Taming Horizontal Instability in Merge Trees: On the Computation of a Comprehensive Deformation-based Edit Distance
Florian Wetzels, Markus Anders, Christoph Garth
TL;DR
This work tackles instability in comparing scalar fields via merge trees by introducing the unconstrained deformation-based edit distance, which handles both vertical instabilities and saddle swaps (horizontal instabilities). It provides an $NP$-complete decision-theoretic hardness result, an integer programming formulation with optimization strategies, and empirical evidence from synthetic tests and the TOSCA dataset showing enhanced stability and clearer clustering relative to prior methods.
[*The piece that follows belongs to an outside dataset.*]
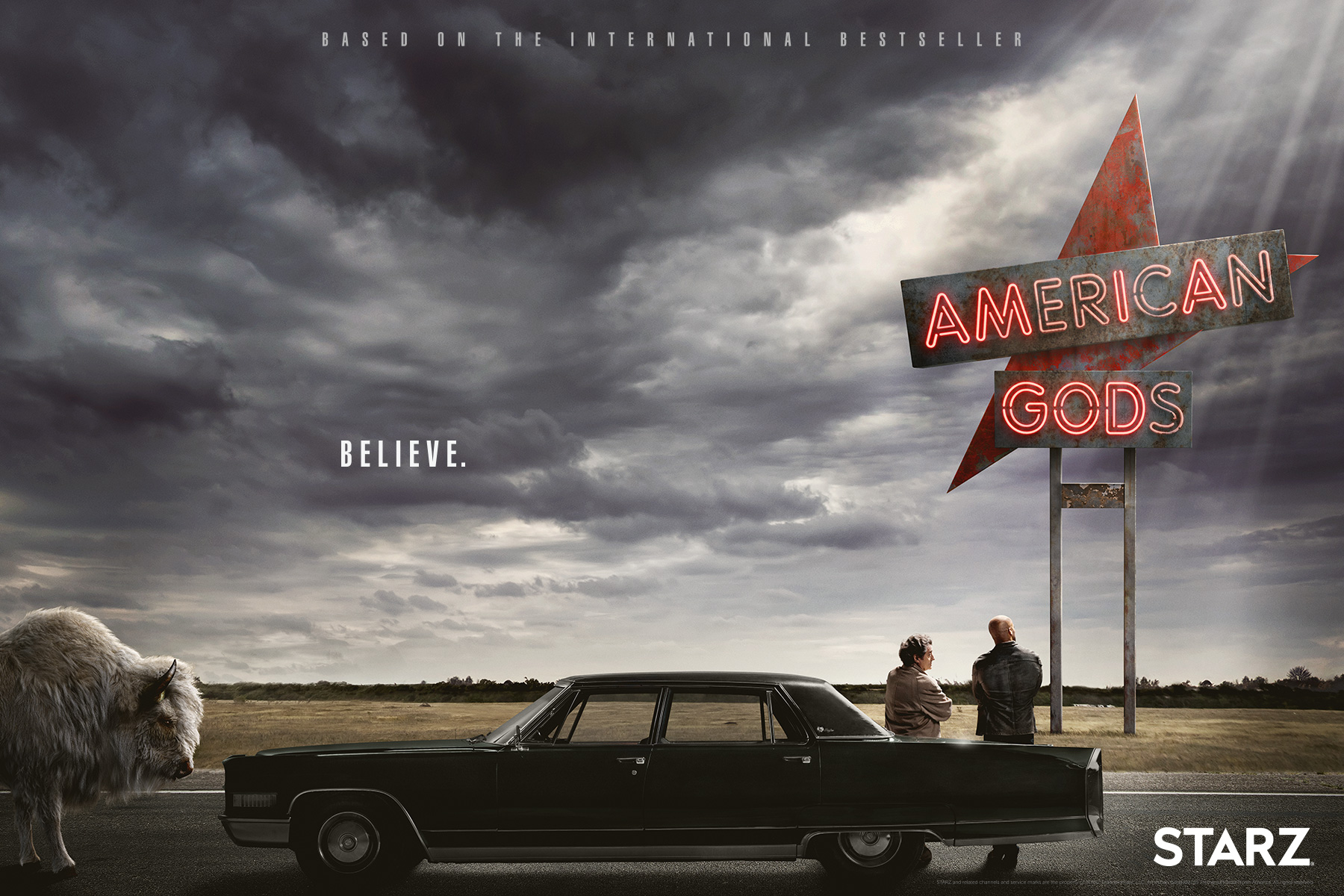 The key art for the Starz series ‘American Gods’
The contribution includes a rigorous complexity result, a practical computation framework, and extensive discussion on stability and future improvements. Overall, the approach advances robust, topology-based scalar-field comparison by enabling saddle-swaps-aware edit distances for merge trees.
Abstract
Comparative analysis of scalar fields in scientific visualization often involves distance functions on topological abstractions. This paper focuses on the merge tree abstraction (representing the nesting of sub- or superlevel sets) and proposes the application of the unconstrained deformation-based edit distance. Previous approaches on merge trees often suffer from instability: small perturbations in the data can lead to large distances of the abstractions. While some existing methods can handle so-called vertical instability, the unconstrained deformation-based edit distance addresses both vertical and horizontal instabilities, also called saddle swaps. We establish the computational complexity as NP-complete, and provide an integer linear program formulation for computation. Experimental results on the TOSCA shape matching ensemble provide evidence for the stability of the proposed distance. We thereby showcase the potential of handling saddle swaps for comparison of scalar fields through merge trees.